Cette nouvelle donne stratégique ne peut être qu’une bonne nouvelle pour la cause souverainiste. Il y a des fissures dans le mur du ROC et elles deviendront des brèches par lesquelles le Québec pourra sortir de la Constitution de 1982, qui ne résistera pas à ces tensions.
(...)
Cette fois-ci toutefois, les autres provinces ne formeront plus un mur avec Ottawa pour contenir la volonté d’émancipation du Québec.
Il y a des fissures dans le mur de ROC. Un bon match à suivre, mais n’oubliez pas vos notes de géopolitique 101.

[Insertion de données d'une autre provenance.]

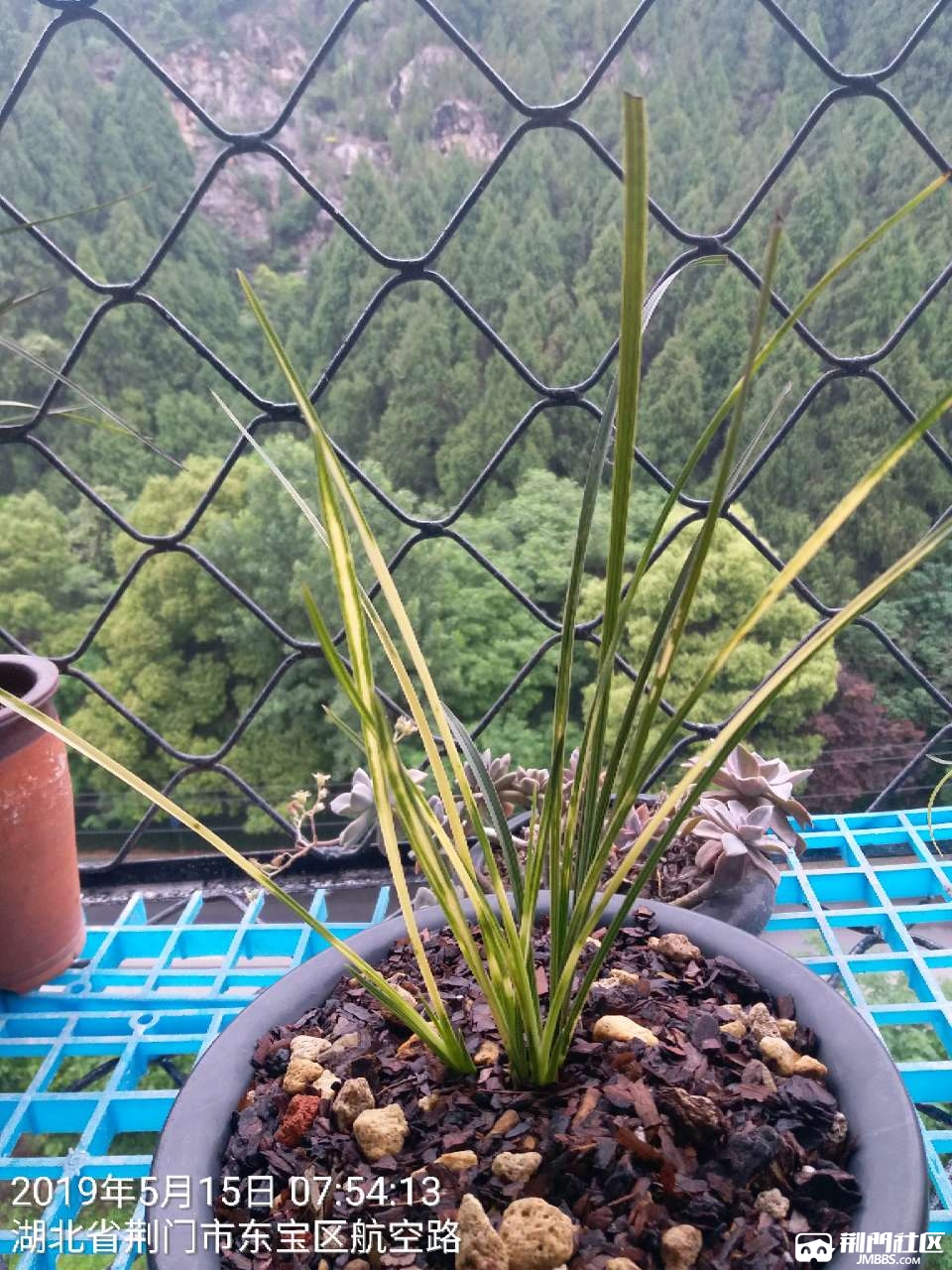 20190515_86529_1557907921365.jpg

..........................
Mon texte d'Octobre 2008, suite à l' élection fédérales (La victoire de la nation):
(...)
"Le contexte n’a jamais été aussi favorable à notre cause. Les tensions géopolitiques internes de la fédération canadienne iront en s’amplifiant : les intérêts économiques divergents entre l’Ouest et l’Est ne feront que grandir. Et les intérêts des provinces primeront sur toutes autres considérations, même sur l’unité du pays. Nous sommes dans un nouveau paradigme, il y a des fissures dans le mur du ROC, et elles deviendront des brèches. À suivre...."
.........................
Suite au Sommet de Copenhague, Décembre 2009 (La fin du Canada de Trudeau):
(...)
"Le pétrole est un puissant déterminant de la géopolitique à l’échelle de la planète ; et, il en va de même pour le Canada, complètement métamorphosé depuis qu’il est devenu un « petro state » au point d’apparaître à ce sommet de Copenhague comme un paria de la communauté internationale.

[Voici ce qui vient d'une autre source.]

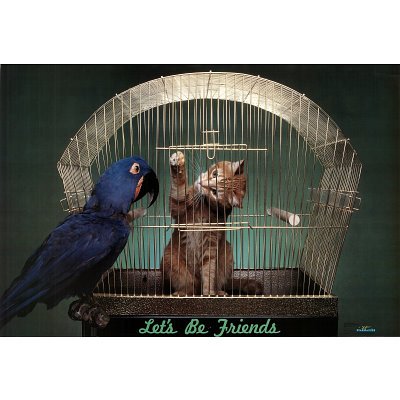 (22x32) Let's Be Friends (Cat and Parrot) Art Poster Print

La divergence d’intérêts entre lui et le Québec n’aura jamais été aussi claire ; cette distance évoque un processus de division naturel des cellules (la mitose), au bout du parcours la division est inévitable et deux entités distinctes apparaissent."
....................
Sommes nous prêt pour la mitose ?
JCPomerleau
Archives de Vigile Répondre
12 février 2010M. Le Hir,
Votre analyse économique est juste... mais vous avez fait un oubli énorme en ne mentionnant pas le renflouement des banques canadiennes à hauteur de 200G$ milliards de dollars. Malheureusement jusqu'à aujourd'hui, les banques ne retournent pas cet argent dans l'économie canadienne.
Archives de Vigile Répondre
12 février 2010La conclusion de M. Le Hir : «À terme, le Québec pourrait se retrouver à devoir faire son indépendance malgré lui. En m’engageant en politique en 1995, je pensais qu’on méritait mieux que ça.»
Où est le problème ici ? Que ce soit le Québec qui parte du ROC ou le ROC quitte le Québec, qu'importe le flacon pourvu qu’on ait quand ait l'ivresse ?…Genre.